Ungheria, 15 Paesi Ue ricorrono contro la legge anti Lgbtq+: l’Italia no
Sono quindici i paesi dell’Unione Europea che hanno deciso di partecipare al ricorso della Commissione Ue contro la legge ungherese anti Lgbtq+. Una causa legale contro la legge sulla protezione dell’infanzia, considerata come un attacco alla comunità gay. Tra i vari Paesi anche la Germania e la Francia, ma nella lista non c’è l’Italia.
Nel dettaglio, si tratta di Belgio, Lussemburgo, Paesi Bassi, Portogallo, Austria, Irlanda, Danimarca, Malta, Spagna, Svezia, Finlandia, Slovenia, Francia, Germania e Grecia, che insieme al Parlamento europeo agiranno come parti terze nella causa intentata lo scorso anno dalla Commissione europea. “Rimaniamo fermi nel nostro impegno per una società inclusiva e per l’uguaglianza per tutti”, ha dichiarato il ministero degli Affari Esteri del Belgio, che aveva guidato l’azione legale contro la normativa.
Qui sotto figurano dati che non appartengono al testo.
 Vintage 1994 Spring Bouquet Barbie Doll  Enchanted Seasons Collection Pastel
La legge ungherese, approvata nel giugno del 2021, contiene una disposizione che vieta o limita fortemente le rappresentazioni dell’omosessualità e del cambiamento di genere nei contenuti dei media e nel materiale educativo rivolto a un pubblico di età inferiore ai 18 anni.
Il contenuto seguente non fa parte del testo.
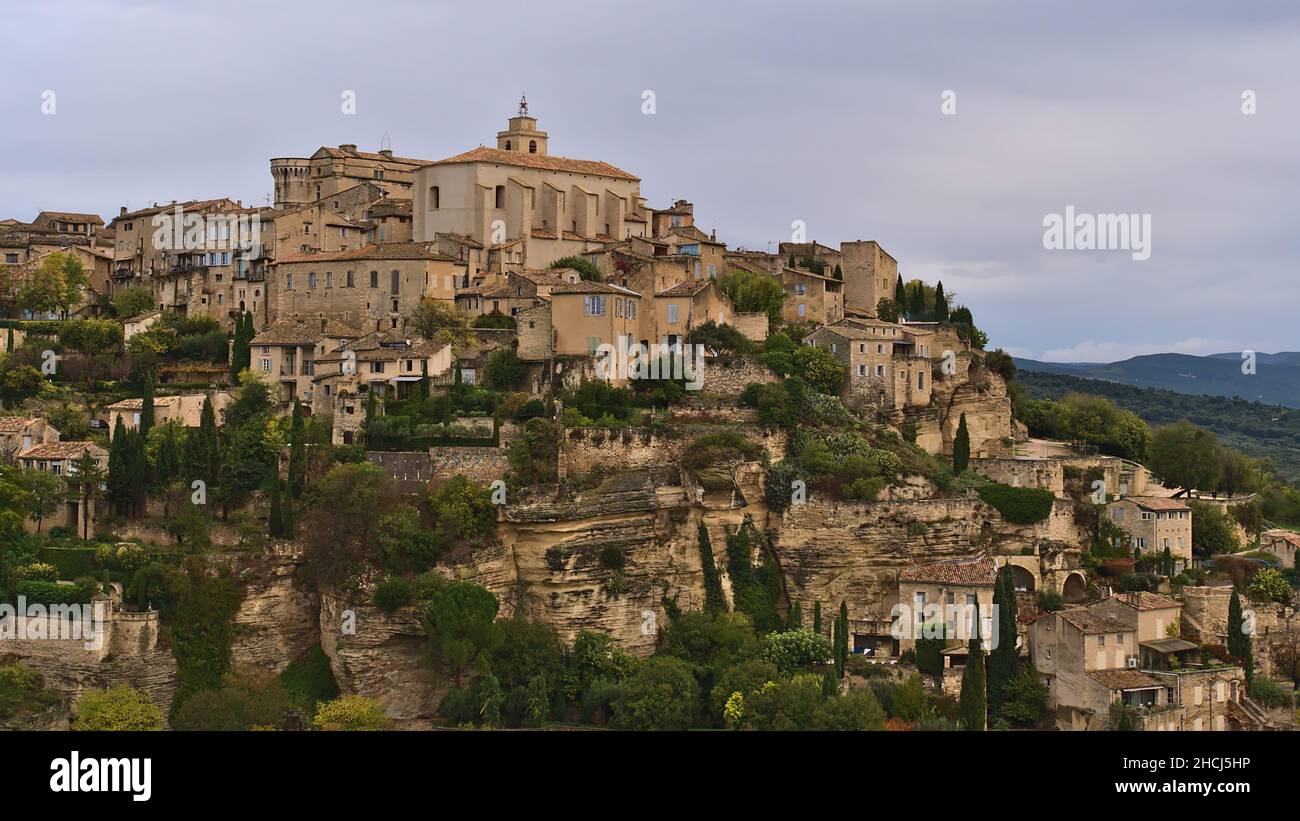 Bella vista della parte superiore del popolare villaggio Gordes situato su una collina rocciosa sopra la valle del Luberon in Provenza, Francia con case caratteristiche. Foto Stock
Fonti dell’Eliseo hanno confermato a Tetu, storica rivista francese a tematica Lgbt, che “la Francia, in coordinamento con la Germania, ha deciso di sostenere la Commissione Europea nel suo ricorso contro la legge anti Lgbt in vigore in Ungheria dal giugno 2021”. Secondo Hatter society, un’associazione magiara contro l’omofobia, la legge ungherese ha avuto un’impatto sull’aumento della volenza anti Lgbt, con una diffusione dell’autocensura su questi temi in tutti i settori della società. Il mese successivo, la Commissione Europea ha lanciato una procedura d’infrazione sulla base del divieto di discriminazione contenuto nei trattati europei. Dopo una fase di negoziato con Budapest, che non ha risolto la questione, la Commissione ha scelto la strada del ricorso davanti alla giustizia europea.
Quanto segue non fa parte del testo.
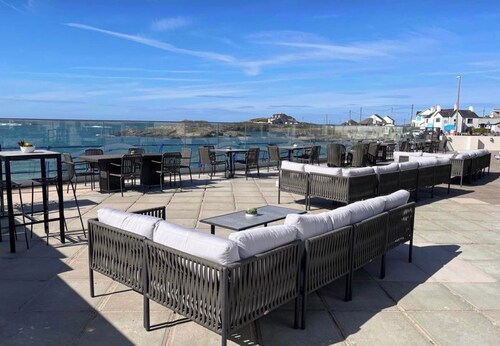 Beautiful Beach house sleep13, 5 mins to beach&Hot Tub, games room, pets allowed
“Questo disegno di legge ungherese è una vergogna”, aveva dichiarato senza mezzi termini la presidente della Commissione europea Ursula von der Leyen nel 2021. “Questa legge – aveva aggiunto – discrimina chiaramente le persone sulla base del loro orientamento sessuale e va contro tutti i valori fondamentali dell’Unione Europea: la dignità umana, l’uguaglianza e i diritti fondamentali dell’uomo. Quindi non scenderemo a compromessi su questi principi”.
“Per noi la questione della protezione dei bambini non conosce compromessi, proteggeremo i nostri figli, indipendentemente dal numero di Paesi che decideranno di unirsi alla causa in corso contro di noi”, ha dichiarato questa settimana Péter Szijjártó, ministro degli Affari esteri ungherese.